The Equipment and Services segment again posted significantly higher
profits, benefiting from a favorable product mix and improved cost performance.
1998 will be a record profit year for the segment.
The Corporate/Other segment reflects the absence of American Ref-Fuel in
equity affiliates, worth 3 cents per share, and a modest gain in foreign
exchange versus a prior year loss in operating income.
The Company continued its previously announced share repurchase program,
acquiring $85 million of its shares in the quarter. Since the program was
initiated in April 1996, a total of 14.5 million shares, on a post-split basis,
have been acquired, for a total investment of approximately $520 million. The
Company expects to complete this $600 million program by fiscal year-end.
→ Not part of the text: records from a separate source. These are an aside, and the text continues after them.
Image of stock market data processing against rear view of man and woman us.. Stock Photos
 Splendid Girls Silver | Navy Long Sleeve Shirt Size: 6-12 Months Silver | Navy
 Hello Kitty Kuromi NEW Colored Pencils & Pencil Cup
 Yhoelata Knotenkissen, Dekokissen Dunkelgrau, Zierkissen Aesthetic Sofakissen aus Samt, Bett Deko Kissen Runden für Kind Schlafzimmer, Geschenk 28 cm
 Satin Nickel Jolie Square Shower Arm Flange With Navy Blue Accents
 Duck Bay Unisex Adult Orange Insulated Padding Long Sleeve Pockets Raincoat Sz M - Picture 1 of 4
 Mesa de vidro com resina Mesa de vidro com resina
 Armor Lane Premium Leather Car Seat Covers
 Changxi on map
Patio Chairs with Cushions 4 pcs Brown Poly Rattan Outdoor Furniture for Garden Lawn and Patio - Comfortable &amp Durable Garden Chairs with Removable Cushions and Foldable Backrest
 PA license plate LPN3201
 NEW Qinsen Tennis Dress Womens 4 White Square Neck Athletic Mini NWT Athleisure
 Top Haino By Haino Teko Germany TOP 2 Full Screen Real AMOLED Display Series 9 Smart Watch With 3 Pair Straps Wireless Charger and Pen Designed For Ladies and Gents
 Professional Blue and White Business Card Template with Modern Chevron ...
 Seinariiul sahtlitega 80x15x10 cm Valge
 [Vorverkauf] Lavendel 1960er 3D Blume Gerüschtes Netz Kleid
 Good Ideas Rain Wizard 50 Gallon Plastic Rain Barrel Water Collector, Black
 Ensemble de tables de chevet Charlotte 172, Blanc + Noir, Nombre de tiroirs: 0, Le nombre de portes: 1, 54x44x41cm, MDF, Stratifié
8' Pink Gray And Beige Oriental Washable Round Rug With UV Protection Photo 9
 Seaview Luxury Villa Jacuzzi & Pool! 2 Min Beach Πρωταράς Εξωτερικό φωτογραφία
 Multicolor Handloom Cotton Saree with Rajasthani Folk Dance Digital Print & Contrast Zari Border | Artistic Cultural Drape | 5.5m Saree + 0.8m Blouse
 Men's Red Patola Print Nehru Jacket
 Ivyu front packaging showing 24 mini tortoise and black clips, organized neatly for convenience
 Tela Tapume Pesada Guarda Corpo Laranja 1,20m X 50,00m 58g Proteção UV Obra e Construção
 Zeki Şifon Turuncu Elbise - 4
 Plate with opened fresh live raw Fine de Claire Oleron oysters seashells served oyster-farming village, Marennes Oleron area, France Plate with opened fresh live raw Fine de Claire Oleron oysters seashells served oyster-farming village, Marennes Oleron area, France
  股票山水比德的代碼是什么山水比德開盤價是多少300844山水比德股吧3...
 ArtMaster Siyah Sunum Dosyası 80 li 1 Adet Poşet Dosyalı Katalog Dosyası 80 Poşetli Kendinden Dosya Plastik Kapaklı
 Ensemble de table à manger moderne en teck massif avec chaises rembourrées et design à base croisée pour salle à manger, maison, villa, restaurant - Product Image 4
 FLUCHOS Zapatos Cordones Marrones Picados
For the first nine months of fiscal 1998, the Registrant reported income
from operations of $361 million, or $1.63 per share, versus $322 million, or
$1.43 per share, up 14 percent on a diluted basis. These results include the
impact of currency translation effects, which reduced earnings per share growth
by 11 cents in the fiscal year to-date, but exclude one-time after-tax gains
recorded in fiscal 1998 from the sale of the Company's 50 percent interest in
American Ref-Fuel Company, a related power contract restructuring, and a
cogeneration project contract settlement. Sales rose 7 percent to $3.7 billion.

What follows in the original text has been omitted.